■ **Data shown**
*** Block opens ***

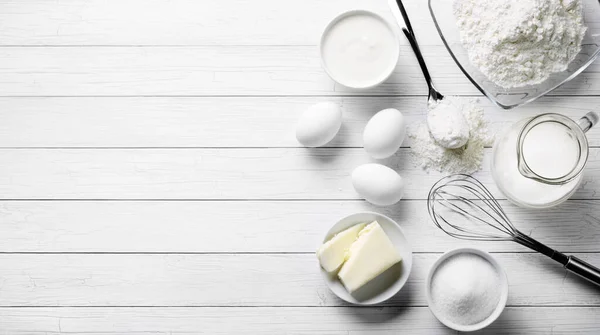 Cooking tools and ingredients from above. Baking concept with measuring  spoons, wooden scoops, whisks, cookie cutters, sugar, flour, eggs and  cinnamon on a modern concrete background with copy space Stock Photo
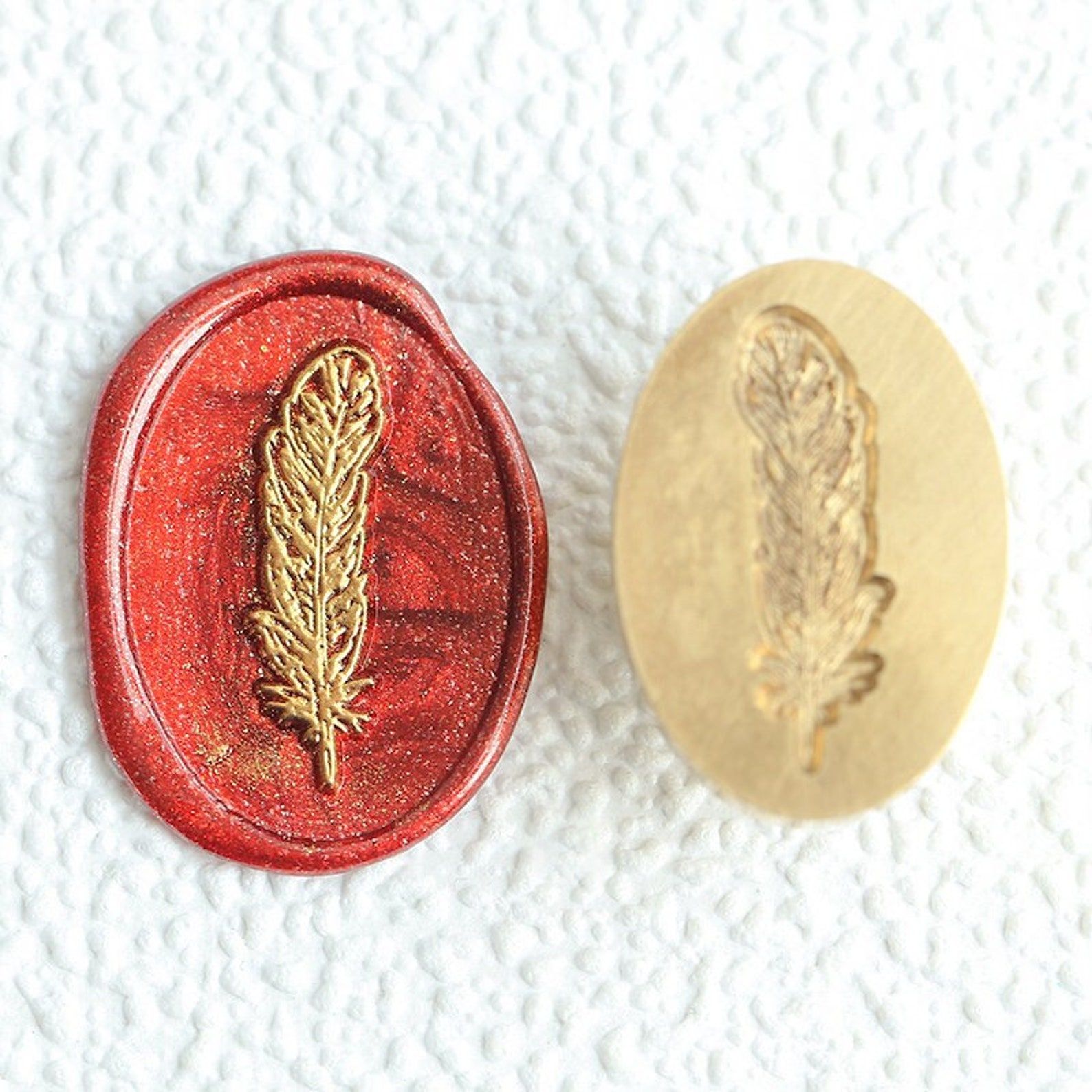 Image of a wax stamper, alongside its wax seal. The seal is red, with a gold feather in the center. 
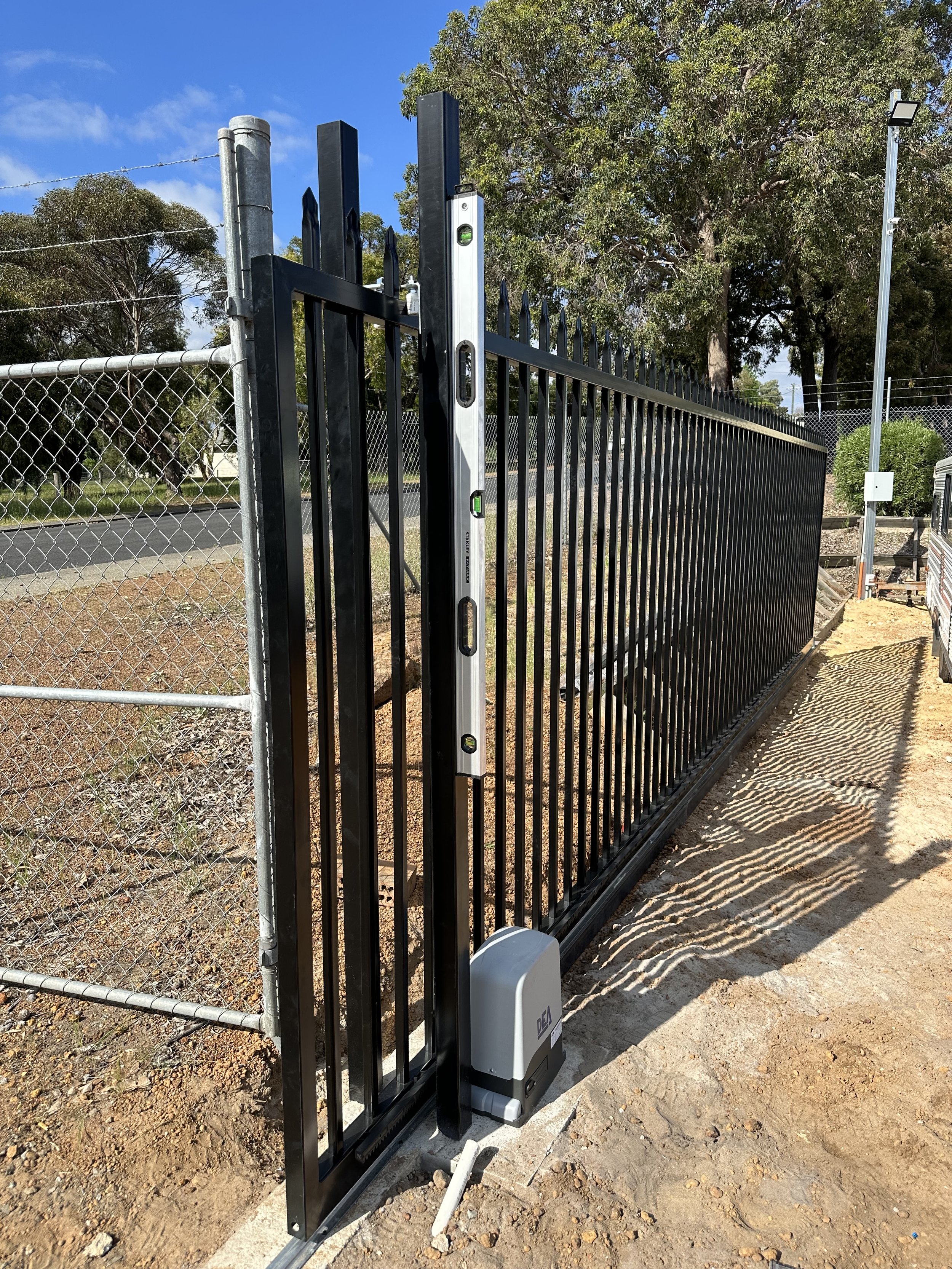 Black metal slide gate with a pedestrian electric lock system, installed on a dirt pathway next to a chain-link fence, under a clear blue sky with trees in the background.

*** Block closes ***

■ **Aim of the exercise**
Reproduce the whole listing above word for word, but not its pictures.

■ **Expected answer**
 Cooking tools and ingredients from above. Baking concept with measuring  spoons, wooden scoops, whisks, cookie cutters, sugar, flour, eggs and  cinnamon on a modern concrete background with copy space Stock Photo
 Image of a wax stamper, alongside its wax seal. The seal is red, with a gold feather in the center. 
 Black metal slide gate with a pedestrian electric lock system, installed on a dirt pathway next to a chain-link fence, under a clear blue sky with trees in the background.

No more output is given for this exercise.